Taking the above into account, it is clear that ideally, next to the susceptibility testing result, also other information should be available in the C&ST report or should be easily obtained from the involved microbiology lab or an infectious disease specialist (Guardabassi, Prescott 2015). Some examples of important interpretive information are: the treatment regimens linked with the clinical breakpoints, reliability of used clinical breakpoints, and advice on whether specific antimicrobial agents are first choice or rather last resort agents according to (inter)national guidelines. Considering the fact that in certain circumstances, specific susceptibility results may not accurately predict treatment efficacy, clinical progress and response to treatment remain important features for (re)evaluation of antimicrobial management, next to C&ST results.
Speeding Up the Process
Especially in emergency and critical care patients, sample-to-result time can be vital (Kollef et al. 2021). There are currently various technical possibilities to obtain information on specific pathogens or resistance mechanisms within a few hours, but the lack of affordable veterinary applications and both logistic and organizational issues may prohibit significant time savings can be achieved (see lecture Advanced Microbiology Techniques: What Are the Possibilities?).
References
1. CLSI. Understanding susceptibility test data as a component of antimicrobial stewardship in veterinary settings. CLSI Report VET09. 1st ed. Wayne, PA: Clinical and Laboratory Standards Institute; 2019.
2. Guardabassi L, Prescott JF. Antimicrobial stewardship in small animal veterinary practice: from theory to practice. Vet Clin North Am Small Anim Pract. 2015;45(2):361–376.

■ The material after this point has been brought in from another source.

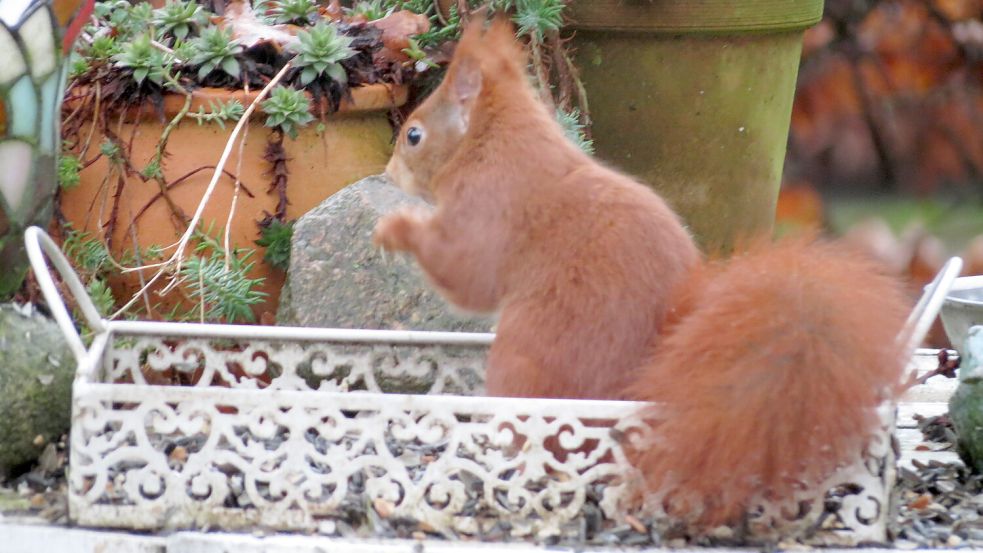 Auch für die Tiere im Garten gibt es kleine Leckereien zu Weihnachten. Foto: Berends-Lüürßen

3. Lhermie G, La Ragione RM, Weese JS, Olsen JE, Christensen JP, Guardabassi L. Indications for the use of highest priority critically important antimicrobials in the veterinary sector. J Antimicrob Chemother. 2020;75(7):1671–1680.
4. Kollef MH, Shorr AF, Bassetti M, Timsit JF, Micek ST, Michelson AP, Garnacho-Montero J. Timing of antibiotic therapy in the ICU. Crit Care. 2021;25(1):360.